So what are we to do? Get a few house plants. One potted plant per 100 square feet will clean the air in an average home or office. Without a doubt, the most important job of an indoor plant is its air purifying abilities.
Certain plants work better than other at cleaning the air in our homes. Here’s a list of a few plants and which chemicals they clean out of the air.

Boston fern, golden pothos, philodendron, and spider plants reduce levels of formaldehyde.

Areca palm, moth orchid, and the dwarf date palm can remove xylene and toluene.

Gerbera daisy, chrysanthemum, spider plants and peace lily can remove benzene.

Other beneficial houseplants include: bamboo palm, Chinese evergreen, English ivy, indoor dracaena species and the snake plant (also known as mother-in-law’s tongue).

All plants produce oxygen through photosynthesis, so any plant you choose, in addition to these varieties, will increase the concentration of oxygen in your home.
I have always had houseplants (probably because I grew up in a jungle of houseplants). The pothos above was on the stage at our wedding, and it’s been cleaning the air in our homes for the past 11 years. I also have a dwarf citrus, a few other pothos, baby tears, mother-in-law’s tongue and few other plants. We have houseplants not just to clean the air, they also provide much needed green in the our home during the dark snowy winter in Ohio.

Do you have houseplants? Are they for cleaning the air or for enjoyment?

20 Comments to “Houseplants and Clean Air”
  1. Judy on February 11, 2009 at 7:29 am

    We have lots of houseplants. For a variety of reasons. We have the spider plants that all the children started in school, plants that we found abandoned when students left for the year, and grapefruit trees the kids started from seeds. We have several poinsettias that have been gifted to us over the years that I really wish would just die already but I just can’t leave them outside in the fall. But we also have a huge jalapeno pepper in a pot that we carry in and out every year. We just harvested a pepper off it a few weeks ago. Yum.

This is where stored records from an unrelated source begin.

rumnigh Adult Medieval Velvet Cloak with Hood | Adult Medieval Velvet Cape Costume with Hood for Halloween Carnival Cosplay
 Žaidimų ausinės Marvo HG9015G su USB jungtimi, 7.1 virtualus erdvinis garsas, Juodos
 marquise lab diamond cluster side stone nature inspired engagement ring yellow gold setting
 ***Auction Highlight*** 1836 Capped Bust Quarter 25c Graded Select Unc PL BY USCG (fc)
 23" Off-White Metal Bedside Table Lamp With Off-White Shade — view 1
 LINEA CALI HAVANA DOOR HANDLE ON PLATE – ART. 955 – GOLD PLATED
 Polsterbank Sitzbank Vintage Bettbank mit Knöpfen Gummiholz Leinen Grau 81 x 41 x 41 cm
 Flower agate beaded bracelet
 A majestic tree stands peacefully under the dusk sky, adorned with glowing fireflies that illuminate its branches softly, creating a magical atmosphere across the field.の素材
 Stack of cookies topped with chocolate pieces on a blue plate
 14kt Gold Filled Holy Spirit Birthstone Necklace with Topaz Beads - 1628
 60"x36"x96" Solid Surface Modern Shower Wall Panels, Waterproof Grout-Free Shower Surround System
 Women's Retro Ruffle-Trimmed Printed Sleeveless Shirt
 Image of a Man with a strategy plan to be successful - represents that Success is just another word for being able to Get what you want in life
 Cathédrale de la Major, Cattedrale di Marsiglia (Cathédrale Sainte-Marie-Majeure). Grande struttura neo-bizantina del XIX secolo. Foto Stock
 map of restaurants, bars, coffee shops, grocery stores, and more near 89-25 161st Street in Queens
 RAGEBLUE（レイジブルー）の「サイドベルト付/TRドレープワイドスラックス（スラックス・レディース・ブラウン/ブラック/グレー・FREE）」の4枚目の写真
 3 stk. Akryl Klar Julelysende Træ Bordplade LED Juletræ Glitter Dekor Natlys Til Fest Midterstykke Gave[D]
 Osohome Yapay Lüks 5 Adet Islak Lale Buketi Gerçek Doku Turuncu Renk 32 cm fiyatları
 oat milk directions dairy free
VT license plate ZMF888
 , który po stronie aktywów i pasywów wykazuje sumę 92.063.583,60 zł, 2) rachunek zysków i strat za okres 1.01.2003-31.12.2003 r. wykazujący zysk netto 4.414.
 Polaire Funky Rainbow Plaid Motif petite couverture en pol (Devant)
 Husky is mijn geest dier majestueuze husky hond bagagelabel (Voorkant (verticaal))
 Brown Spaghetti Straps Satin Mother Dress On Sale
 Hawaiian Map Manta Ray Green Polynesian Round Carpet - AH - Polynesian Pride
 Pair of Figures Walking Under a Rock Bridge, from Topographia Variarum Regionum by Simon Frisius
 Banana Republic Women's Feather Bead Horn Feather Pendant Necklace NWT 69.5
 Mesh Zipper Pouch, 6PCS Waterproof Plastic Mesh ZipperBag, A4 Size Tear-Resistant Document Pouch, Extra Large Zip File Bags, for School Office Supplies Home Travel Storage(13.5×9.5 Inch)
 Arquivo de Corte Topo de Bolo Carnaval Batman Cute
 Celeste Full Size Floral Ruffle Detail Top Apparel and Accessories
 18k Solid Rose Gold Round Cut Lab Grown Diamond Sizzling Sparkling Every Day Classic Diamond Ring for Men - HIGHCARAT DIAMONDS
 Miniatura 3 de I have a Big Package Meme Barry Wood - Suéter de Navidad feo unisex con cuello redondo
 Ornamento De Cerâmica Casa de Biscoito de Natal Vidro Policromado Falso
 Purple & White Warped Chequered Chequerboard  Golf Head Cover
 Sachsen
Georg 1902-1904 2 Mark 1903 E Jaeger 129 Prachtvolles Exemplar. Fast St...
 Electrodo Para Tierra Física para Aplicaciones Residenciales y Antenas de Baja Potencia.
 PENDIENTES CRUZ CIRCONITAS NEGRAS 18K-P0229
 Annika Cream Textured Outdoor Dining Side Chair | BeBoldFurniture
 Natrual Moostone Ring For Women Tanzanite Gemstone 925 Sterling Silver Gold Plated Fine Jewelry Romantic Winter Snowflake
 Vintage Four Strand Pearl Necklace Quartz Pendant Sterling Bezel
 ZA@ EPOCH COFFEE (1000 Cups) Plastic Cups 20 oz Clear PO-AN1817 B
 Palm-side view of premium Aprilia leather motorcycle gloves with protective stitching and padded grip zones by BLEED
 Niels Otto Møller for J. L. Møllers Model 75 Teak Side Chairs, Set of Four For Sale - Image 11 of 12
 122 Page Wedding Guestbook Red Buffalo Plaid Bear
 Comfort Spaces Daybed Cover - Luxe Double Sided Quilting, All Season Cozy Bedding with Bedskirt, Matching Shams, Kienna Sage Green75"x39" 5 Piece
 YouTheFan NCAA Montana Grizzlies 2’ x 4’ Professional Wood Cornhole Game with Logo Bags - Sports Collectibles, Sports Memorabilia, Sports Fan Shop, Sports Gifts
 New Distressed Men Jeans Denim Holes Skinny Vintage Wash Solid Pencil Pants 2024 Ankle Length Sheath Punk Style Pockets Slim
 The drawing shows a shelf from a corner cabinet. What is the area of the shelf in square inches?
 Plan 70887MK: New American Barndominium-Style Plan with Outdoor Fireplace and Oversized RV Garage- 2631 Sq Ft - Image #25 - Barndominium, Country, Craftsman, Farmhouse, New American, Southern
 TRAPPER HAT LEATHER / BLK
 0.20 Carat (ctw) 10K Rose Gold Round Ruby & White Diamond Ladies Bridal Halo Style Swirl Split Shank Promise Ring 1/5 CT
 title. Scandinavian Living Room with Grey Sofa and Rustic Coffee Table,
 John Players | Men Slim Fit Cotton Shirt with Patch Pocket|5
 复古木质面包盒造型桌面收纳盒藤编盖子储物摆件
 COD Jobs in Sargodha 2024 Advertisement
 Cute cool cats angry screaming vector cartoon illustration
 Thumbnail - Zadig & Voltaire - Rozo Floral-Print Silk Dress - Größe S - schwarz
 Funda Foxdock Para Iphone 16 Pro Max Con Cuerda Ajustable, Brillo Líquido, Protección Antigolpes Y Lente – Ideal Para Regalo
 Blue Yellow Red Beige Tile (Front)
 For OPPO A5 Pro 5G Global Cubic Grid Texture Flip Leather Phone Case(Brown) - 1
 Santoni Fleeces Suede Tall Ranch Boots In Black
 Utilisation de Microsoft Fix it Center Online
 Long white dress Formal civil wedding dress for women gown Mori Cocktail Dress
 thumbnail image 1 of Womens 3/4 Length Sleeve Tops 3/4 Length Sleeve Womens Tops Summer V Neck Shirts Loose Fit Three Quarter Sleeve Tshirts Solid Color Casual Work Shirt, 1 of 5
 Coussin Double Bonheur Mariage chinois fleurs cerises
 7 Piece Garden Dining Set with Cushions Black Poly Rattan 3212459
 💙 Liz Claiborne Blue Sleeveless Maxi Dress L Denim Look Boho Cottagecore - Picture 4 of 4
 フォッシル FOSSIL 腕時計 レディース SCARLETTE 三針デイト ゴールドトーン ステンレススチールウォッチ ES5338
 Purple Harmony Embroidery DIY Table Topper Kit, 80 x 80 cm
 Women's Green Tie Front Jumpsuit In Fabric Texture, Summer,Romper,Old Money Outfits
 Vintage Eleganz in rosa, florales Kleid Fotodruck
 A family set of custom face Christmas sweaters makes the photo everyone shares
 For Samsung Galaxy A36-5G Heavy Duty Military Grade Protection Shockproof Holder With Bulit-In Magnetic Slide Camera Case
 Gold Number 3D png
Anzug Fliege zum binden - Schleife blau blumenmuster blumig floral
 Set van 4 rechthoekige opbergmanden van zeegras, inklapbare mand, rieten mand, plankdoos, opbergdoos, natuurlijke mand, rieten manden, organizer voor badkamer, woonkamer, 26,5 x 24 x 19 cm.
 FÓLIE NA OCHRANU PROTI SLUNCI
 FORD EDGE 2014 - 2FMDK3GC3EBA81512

    Reply to Judy's comment

  2. Mangochild on February 11, 2009 at 7:35 am

    I would like to have houseplants, they have so many benefits and you gave me more that I never even knew about. But I have been worried about bugs that might come with them and lodge in the house…. are there kinds that tend to be more “bug free” that are also easy to tend?
    There are old pics in our family albums of this huge trailing vine plant my father used to have…. it was hanging in the living room and then he put the veil/vine all around the edge of the ceiling and into the bedroom, and then into the hall and back to the living room. Wow. Its amazing (and also a bit freaky!) to see :-)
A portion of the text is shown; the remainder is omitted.